Apparently, at the core of the dust-up was an accusation that State Director of Instruction Doug Marshak had insinuated that youth referees who are abused would not be fully supported by the MYSA – a claim Mr. Marshak has vehemently denied. According to Mr. Marshak, the SRC had asked MYSA’s support of a pilot program designed to raise awareness of under-age referees being verbally berated at games without having coaches and spectators removed… an idea that may or may not have received some level of initial support from MYSA. Now, maybe such a program is a good idea, and maybe it isn’t… but it certainly didn’t need to become the flashpoint of a raging inferno.
Our friends at MYSA flexed their muscle… and demanded resignations — from State Referee Administrator Paula Hildman on down. Of course, there is a bit of an inherent problem there: MSA (that would be the adult association) was not in agreement with MYSA and didn’t support the demand.
I will be the first to admit that when I lived in Region 2 (I made it through 36 Midwest winters), many of us (myself included) tended to get a bit anxious, depressed, even “off our rockers” in the dead of winter – that whole cabin fever thing as the snow level reached three feet. But for the leadership of MYSA to call for resignations of the SRA, SDI and other members of the Committee… because they found themselves on opposite sides of an idea? And without the support of the MSA?
On Monday, January 20, the State Referee Committee website apparently ended its hunger strike in protest of these shenanigans. The updated home page appeared after U.S. Soccer’s Adrian Garibay apparently sent the following in an E-mail to Ms. Hildman on Friday, January 17 (the link is in red):
I will be brief so that we can be clear and you can move forward. You are the Minnesota SRA and you should continue with referee registrations immediately.
Apparently, our colleagues over at MYSA didn’t get the memo… the Referee page of the youth website showed the following on January 20:
While this stand-off appears to be moving towards some kind of resolution – it seems that there’s a consensus that Urule Igbavboa remains the State Youth Referee Administrator and Bob Petersen is the State Director of Assessment – the future of Mr. Marshak as SDI remains in question, and that troubles me because I have seen the curriculum and instructional materials that have come from Minnesota… and I also know how long it takes to develop new materials (tick tock, tick tock).
In addition to the Lakers, Minnesota can take credit for the development of current PRO Referee Fotis Bazakos, current PRO (and former FIFA) Assistant Referee Anthony Vasoli, and former FIFA Referee Elias Bazakos, amongst other top National Referees. How is the next generation of Minnesotans supposed to be mentored without a proven and experienced SDI at the helm?
What troubles me even more: Such a power play could easily be coming soon to a State Referee Committee near you. Why?
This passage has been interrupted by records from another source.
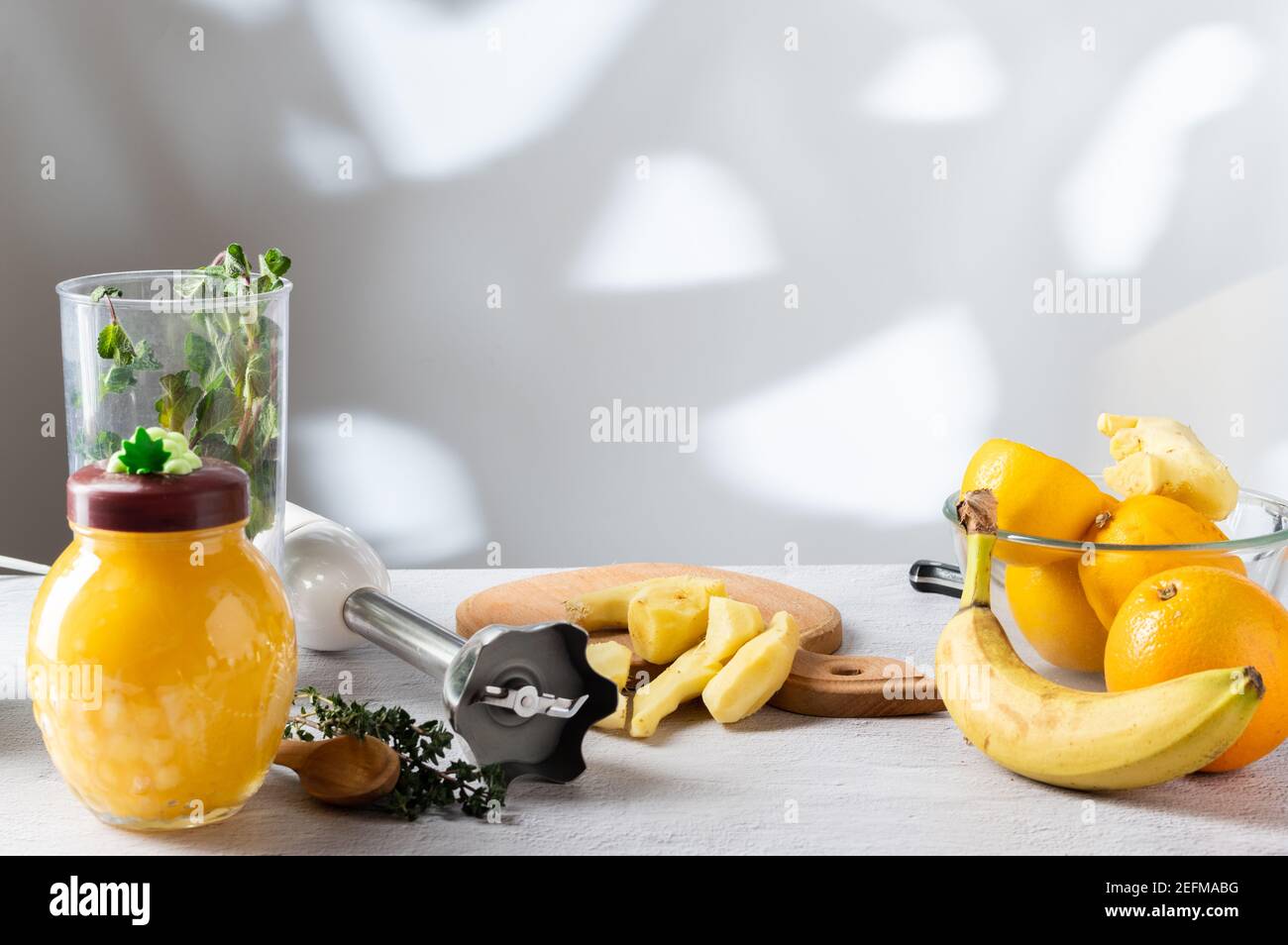 Racine de gingembre pelée sur la table. L'ombre des arbres de la fenêtre sur le mur. Cuisine. Banque D'Images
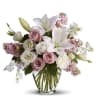 Gorgeous, gorgeous, gorgeous! This lush natural arrangement of royal roses, lilies, lisianthus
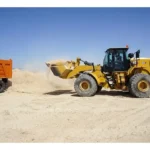 CAT 966 GC Wheel Loader working a sand stockpile next to a dump truck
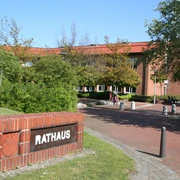 Backsteinbau des Rathauses Weyhe mit rotem Dach, umgeben von grünen Bäumen und blühenden Sträuchern.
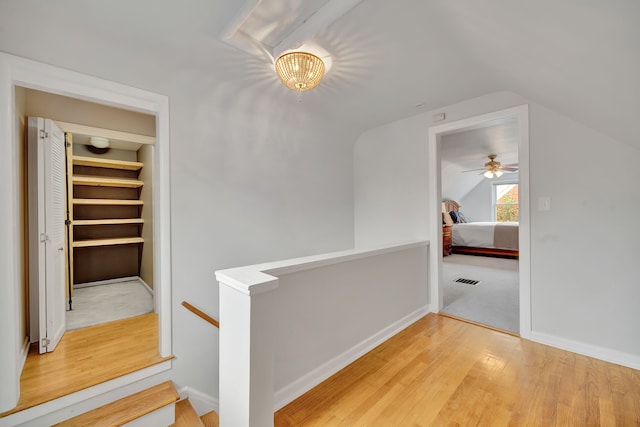 4423 Groveland Ave, Royal Oak, MI 48073 - hallway featuring visible vents, wood finished floors, lofted ceiling, an upstairs landing, and baseboards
Our antiquated “two-party system” remains the method of choice for how State Referee Administrators are appointed (or should I say anointed) – the leadership of the local youth and amateur associations get together and reach a consensus (apparently a consensus of two… once you get past the “we have 14 times more player registrations that you” thing). No input is required to be considered from U.S. Club Soccer. The Development Academy program also has no clearly defined voice in the conversation.
Throughout our great Soccer Nation, the World’s Game has evolved by leaps and bounds… even in Minnesota. Why do we continue to follow this antiquated system of local governance?
And so, I dare to pose the question: Is it time for the Federation to fine-tune the State Referee Administrator appointment process… or to introduce a better one?